I don't have my rubber band drive F handy, but I would think the original had a "gear" reduction around 6:1. If so, the Pittman design would have give 12:1, comparing nicely to current ratios.
If you never stopped the train, it would be hard to beat a set of 4-6 rubber band F's for smooth and quiet operation at around 40 smph. I suspect Pittman equipped power would have been quite a bit noisier because of the gears.
**UPDATE** Good news! I've successfully tested the motor and it seems to work good.

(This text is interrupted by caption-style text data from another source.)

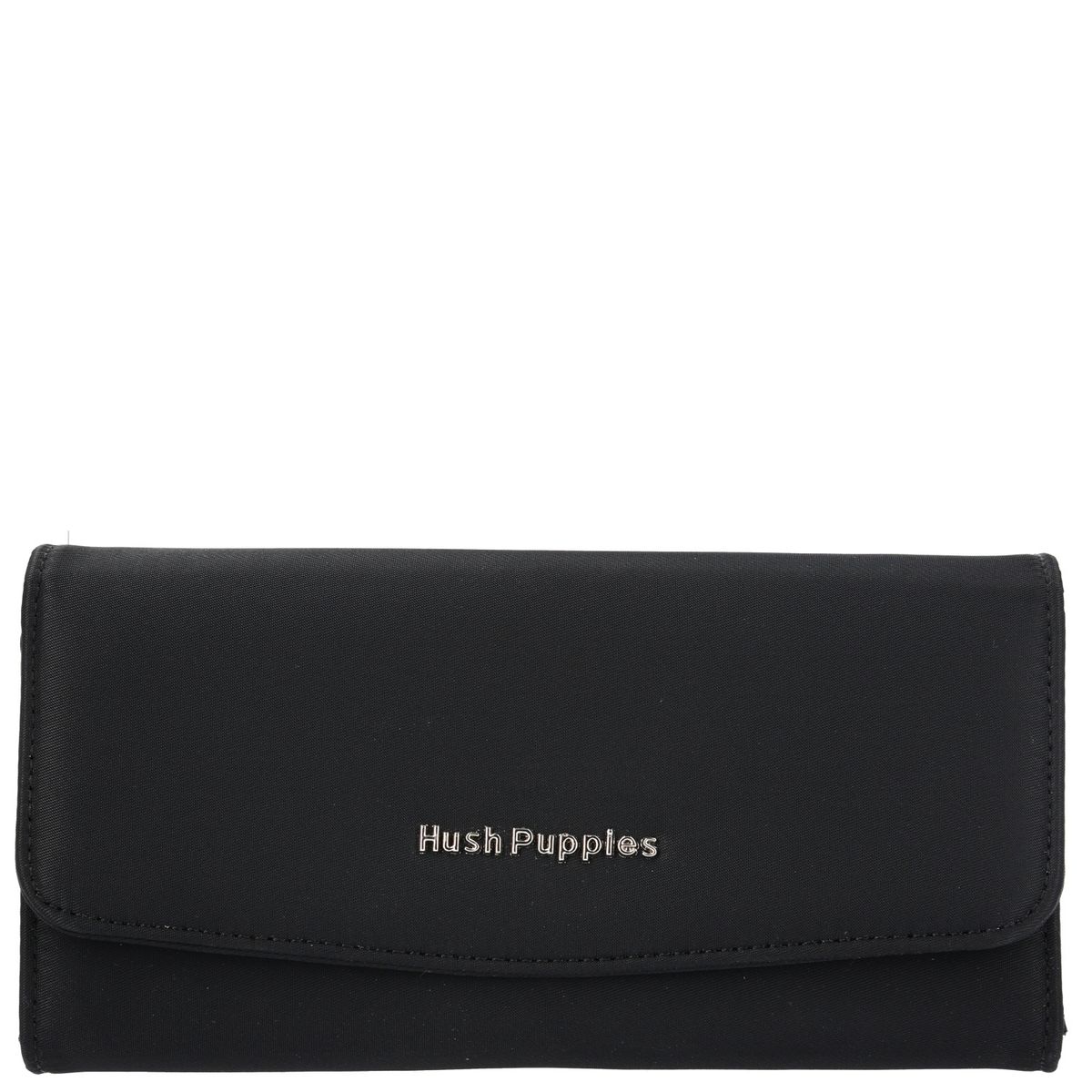 HUSH PUPPIES - Billetera Renne Wallet Negro Mujer HUSH PUPPIES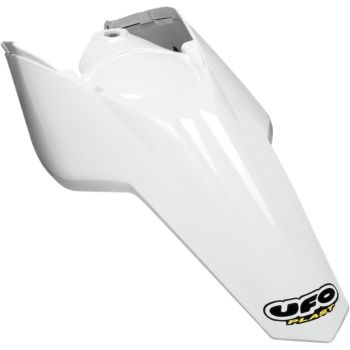 FENDER RR KTM SX/SXF WHT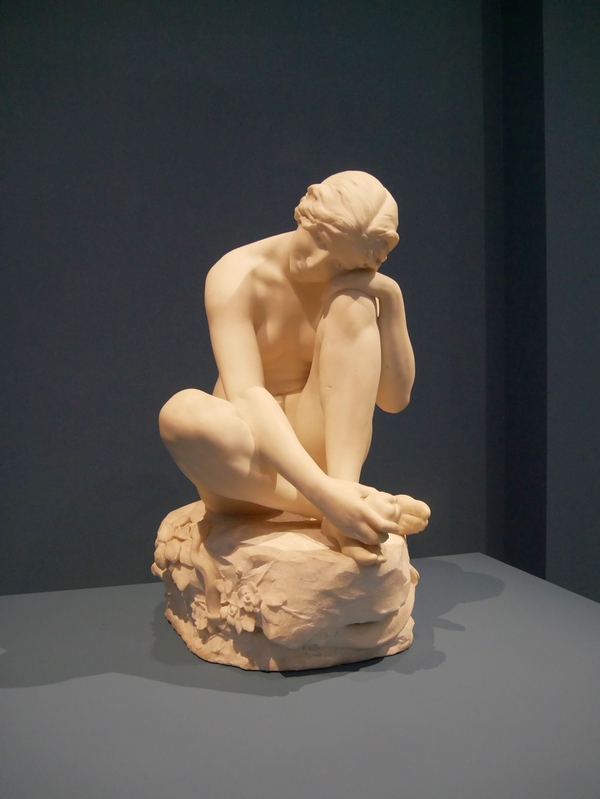 Escapade amoureuse à Lens 6 Exposition amour au Louvre-Lens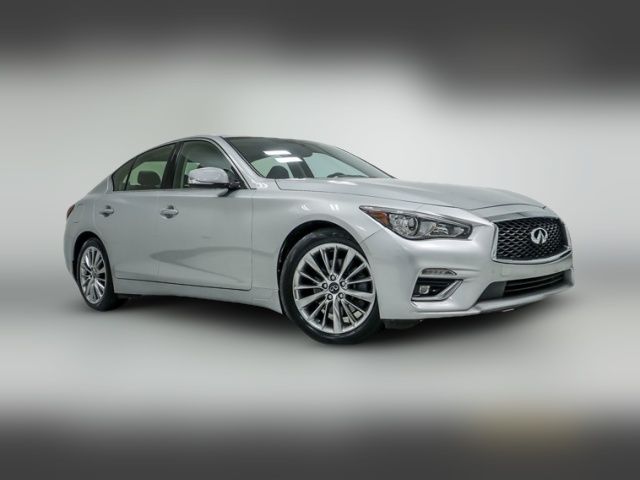 2020 INFINITI Q50 3.0T Luxe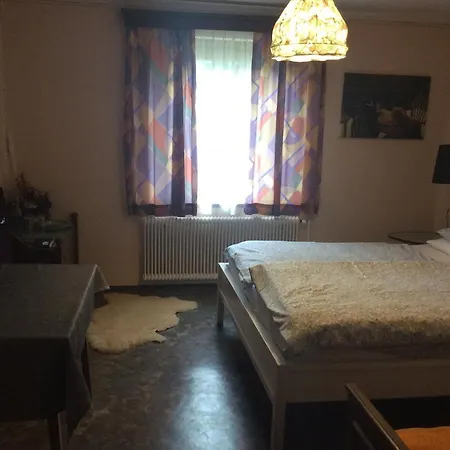 Bed & Breakfast Mooswirt 3*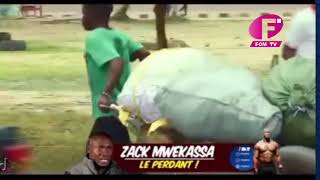 ZACK MWEKASSA UN VRAI EMBROUILLÉ [upl. by Ahsinahs]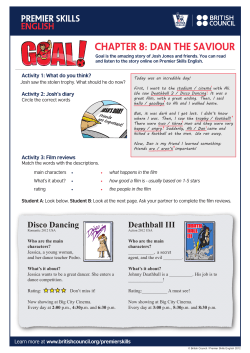 Chapter 8 Page 1 - Premier Skills English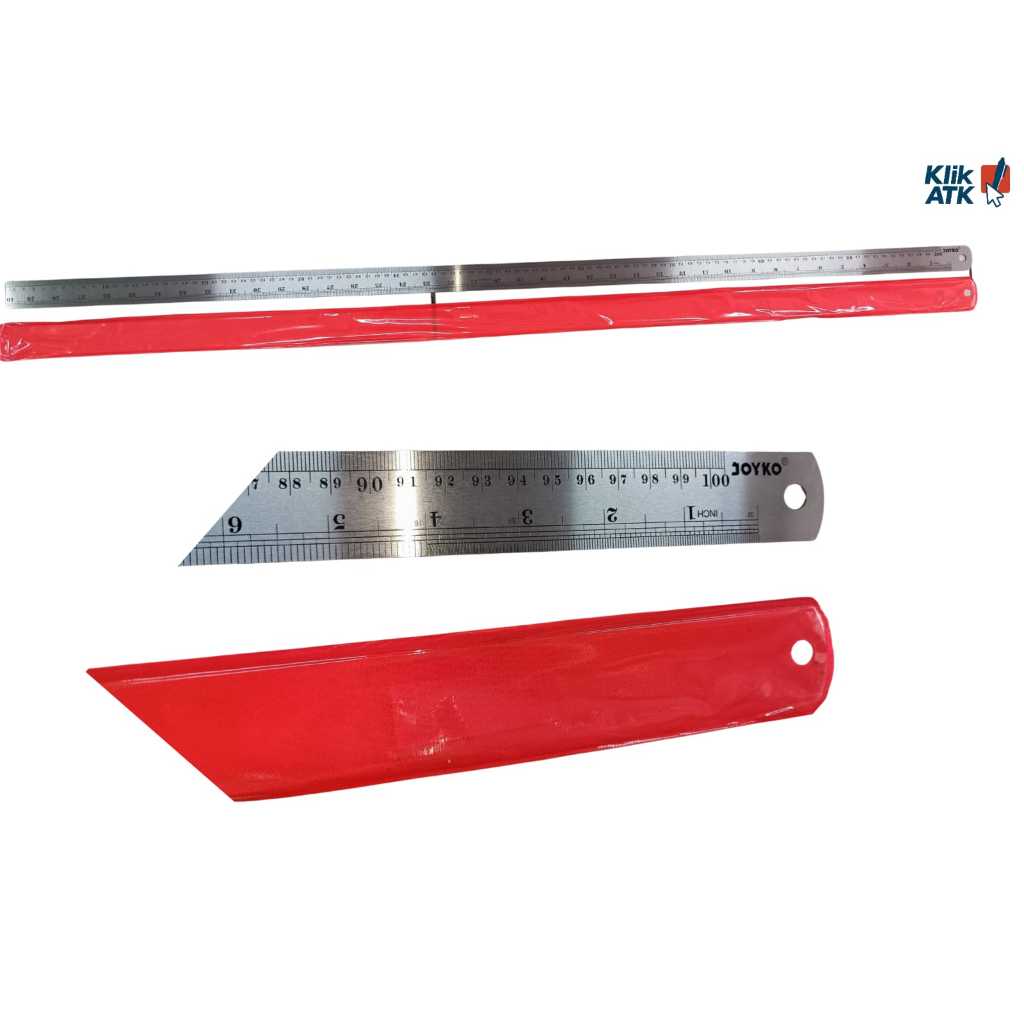 

Penggaris besi 100cm Joyko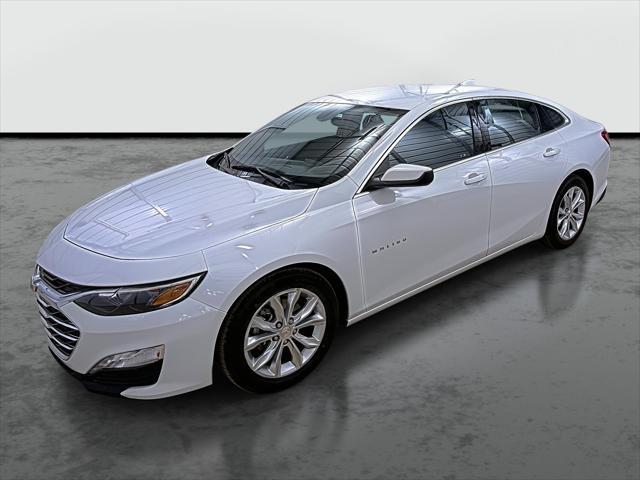 used 2022 Chevrolet Malibu car, priced at $16,875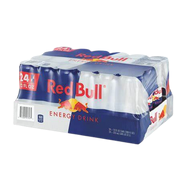 RED BULL ENERGY DRINK  24/ 12 OZ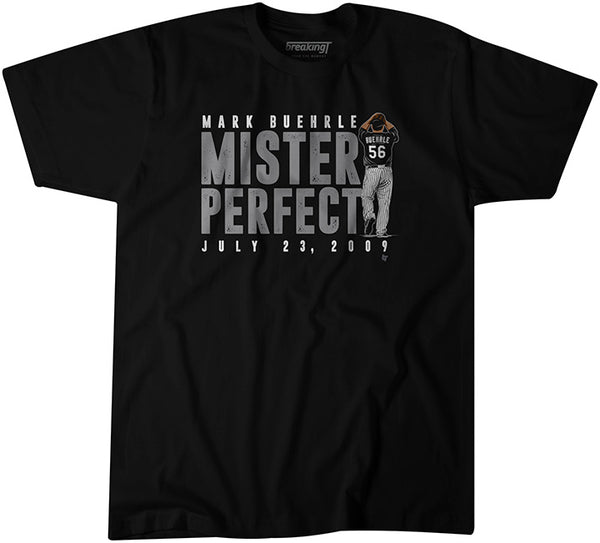 Mark Buehrle: Mister Perfect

Hi everybody. Just wanted to let you know that I got the F7 running, (runs good by the way) and that the wheels weren't as bad as I thought. Believe it or not, I figured out a way to refurbish them, and now they're like new. For anyone else who may need help with this problem, I took them apart and put them in a sonic jewelry cleaner filled with a mix of water and Dawn dish liquid. Then, after rinsing them and letting them dry for a few days I polished them with a fine emery board and put it all back together. I also found new drive bands for it, as the originals were long gone. I believe it was someone at Athearn who recommended Goody hair rubber bands for things like small pig-tails, and they're just the right size. It's amazing the bargins you can find at a yard sale. Thank you everyone for your tips and suggestions.
glad that you got it running :)
That's good to hear. I have great fondness for those old things, and it's great to hear that one (or more) are still slithering around a layout.
Glad to hear you got it running!
I fixed up a couple of these a while back. I bought multisize packs of the Goody rubber and "ouchless" bands experiemented a couple times until I got a set with the right tension and I was good to go.
Another thing to try for rusty parts is plain old vinegar. Sometimes they will be so pitted that you have to file/polish, etc, but often the result is a ready-to-go surface after an application of vinegar (gentle rubbing with a cloth or cotton swab) and a rinse with tap water. I've even used it on an old painted metal boxcar with white corrosion (not zinc rot) and I was able to remove the corrosion and preserve virtually all the paint!
Visit the Chicago Valley Railroad for Chicago Trainspotting and Budget Model Railroading.
7j43k That's good to hear. I have great fondness for those old things, and it's great to hear that one (or more) are still slithering around a layout. Ed
Enjoy!
OT Dean (What were they--$5.95?) That was 62 years ago, and I'm still hooked on railroad modeling.
(What were they--$5.95?) That was 62 years ago, and I'm still hooked on railroad modeling.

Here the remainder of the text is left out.